De comum, tropeço em certas palavras a que sou alérgico, dado que por mais que as conheça não as uso nunca. Como “escopo”: o olhar é o escopo da luz, a larva é o escopo da borboleta, o seu sorriso com covinhas é um escopo de vagina, da brama do mar ao trilar das estrelas para além deste alpendre sobre o jardim tudo é escopo de um deus que se retira; o Índico tem cada vez menos peixes, lastimam-se os pescadores, que face às marés vivas olham para a faina como um escopo de ataúde, etc., etc. Não me escorrega facilmente pelo estreito, o vocábulo, nem em “escopo”.

30/03/20

Um belíssimo livro que devia ser obrigatório traduzir para português, Em Defesa do Fervor, do polaco Adam Zagajewski, que arranjei na tradução espanhola: uma defesa da poesia em tempos de cinismo e um hábil resgate do Belo e do Sublime, que Zagajewski leva a cabo sem padecer de qualquer recaída no idealismo.

Um excerto: «A poesia e a dúvida necessitam uma da outra, coexistem como o carvalho e a hera, o cachorro e o gato. Mas a sua união não é harmónica nem simétrica. A poesia precisa de duvidar da poesia. Graças à dúvida a poesia é purificada da insinceridade retórica, da verborreia e falsidade, da sua fixação prematura e da euforia vazia (não a verdadeira). Sem o olhar severo da dúvida, a poesia – especialmente no nosso tempo sombrio – poderia degenerar numa canção sentimental, num cântico exaltado embora estulto ou num louvor impensado de qualquer coisa inorgânica no mundo»

31/03/20

Um pato rasa o telhado da casa, a grasnar. Há uma hora andaram por lá os macacos. A lagartixa trepa pela parede amarela. A brisa leva o espanta-espíritos a responder aos pássaros. Em fundo o mar nunca se engasga, como um piano de manivela.
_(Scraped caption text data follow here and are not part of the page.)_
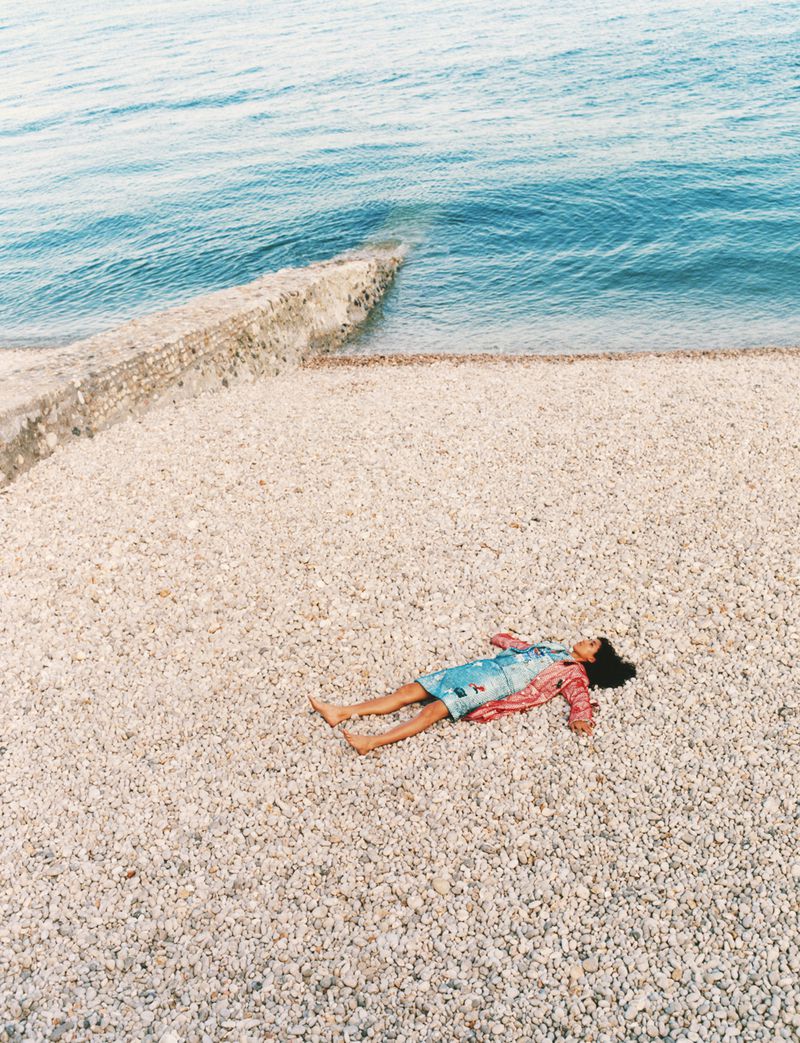Model lying on a pebbled beach beside the ocean, captured from a high-angle view for Chanel Out To Sea editorial.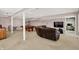 Open basement with a pool table, media area, and neutral carpeting at 7899 S Timber Cliff Ln, Trafalgar, IN 46181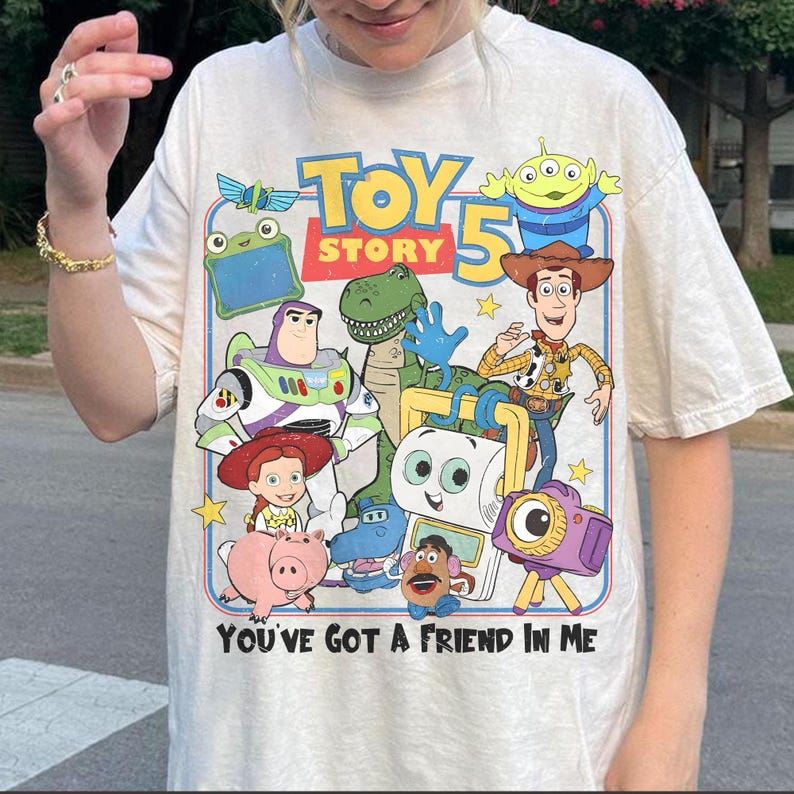Pu&ograve; includere: T-shirt color crema con una grafica colorata dei personaggi del film "Toy Story 5". Il design include Buzz Lightyear, Woody e altri personaggi, con la scritta "You've Got a Friend in Me".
Estou embutido na natureza, esta benigna, já a do vírus é da predação, como a nossa. Mas por enquanto sinto-me distante das crónicas de desmoronamento. Bebo o terceiro chá da manhã, resolvi fazer uma dieta-intermitente e passo catorze horas sem levar uma bucha à boca, a ver se estou mais magro seis ou sete quilos quando o bicho me apanhar porque devido ao peso sinto os pulmões opresos.
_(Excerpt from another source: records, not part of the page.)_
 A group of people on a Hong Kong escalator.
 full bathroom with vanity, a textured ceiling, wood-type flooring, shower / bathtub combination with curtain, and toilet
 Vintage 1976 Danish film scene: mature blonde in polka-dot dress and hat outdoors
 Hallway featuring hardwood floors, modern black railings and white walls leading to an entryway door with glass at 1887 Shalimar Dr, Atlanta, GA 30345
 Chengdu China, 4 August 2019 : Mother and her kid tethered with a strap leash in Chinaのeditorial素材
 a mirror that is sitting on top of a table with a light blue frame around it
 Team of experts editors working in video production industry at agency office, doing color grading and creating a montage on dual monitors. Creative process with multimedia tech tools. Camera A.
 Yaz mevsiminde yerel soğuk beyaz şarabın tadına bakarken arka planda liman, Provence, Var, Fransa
Hoje sonhei. No meu sonho, bizarro, aparecia uma miúda de carrapito e aspecto modesto; o aprumo e a procissão, merda, merda, caiavam-na por dentro, como se lhe forrassem de papel de parede o verso da pele.
Espreito as notícias, tantos motivos para execrar o mundo. Mas de duas coisas sei: que nunca se deve apostar contra o mistério e que nunca me conseguirão inflamar o ódio. Tenho esta fraqueza.